When God lets us down enough times we start to develop a view of God that tells us that the Divine is uncaring, or even worse – malicious.  It occurs to us that God may not have our best interests at heart and is not even concerned with our well-being.  If we stop and think, however, it becomes apparent that this God who constantly “lets us down” is a God of our own creation.  Money.  Cars.  Houses.  Status symbols.  Even health.  They all become attachments that we create and equate with happiness and well-being.  Let us picture in our minds even for a moment how our lives would be if we did not have so many things that we “had” to have in order to enjoy life.  Imagine if we were just satisfied to have our daily bread.  Wouldn’t at least half of our suffering and discomfort disappear without those unnecessary attachments?   This seems to be what the contemplative Trappist monk Thomas Merton discovered when he penned these words:

“For I knew that it was only by leaving [my attachments] that I could come to You: and that is why I have been so unhappy when You                   seemed to be condemning me to remain in them.  Now my sorrow is over and my joy is about to begin: the joy that rejoices in the deepest    sorrows.  For I am beginning to understand.  You have taught me and consoled me, and I have begun again to hope and learn.”

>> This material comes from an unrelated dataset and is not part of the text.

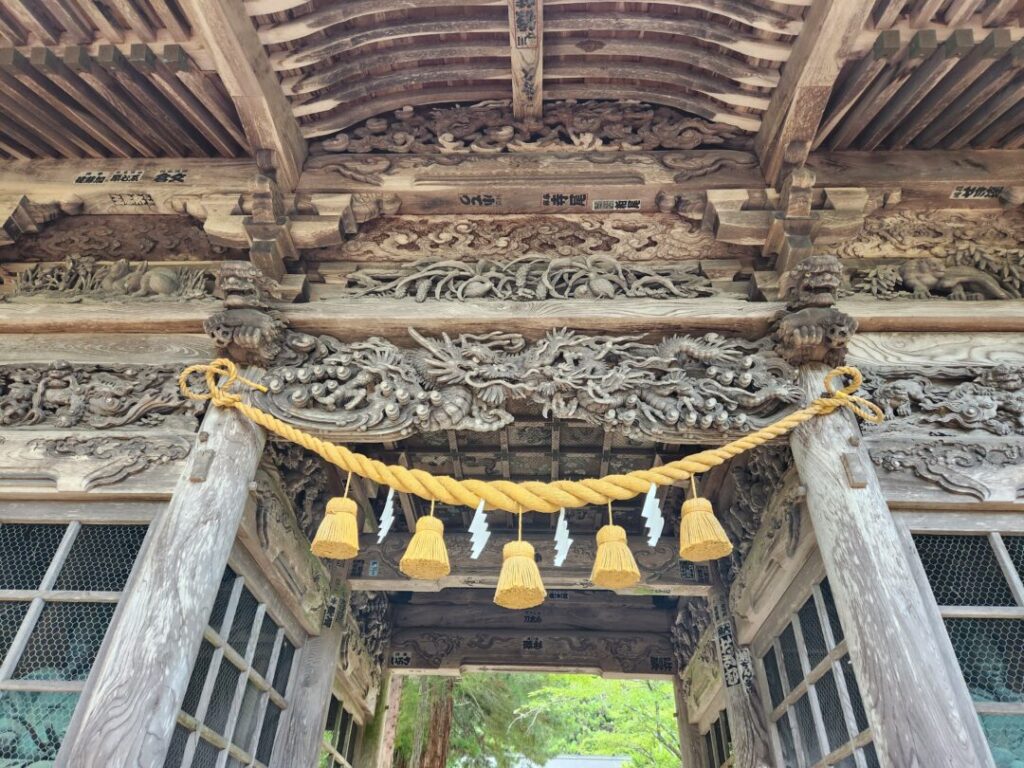 有明山神社随神門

I would like to propose another way of approaching God.  How about we just let God be God?  Not the God that we create in our minds, but instead the God that actually is.  Perhaps God is not the personage that grants magic wishes that we have made God out to be, but rather is the ever-present solace within us that reassures us that regardless of what the outcome is, we are going to be ok.  There is no question that it is extremely uncomfortable and sometimes almost painful to sit and wait for the response to a job interview or the outcome of a doctor’s visit.  It is much easier to beg God to deliver us from our tension and give us the answer that we seek.  Unfortunately, although there are prayers that are somehow answered, it seems apparent that God does not always work that way.  Instead, we are reassured that God dwells with us and in spite of the wait or even the bad news, God will never leave us nor forsake us.  Perhaps that is why the scripture does not say that we should understand God, but instead, to “Be still and know that I am God.”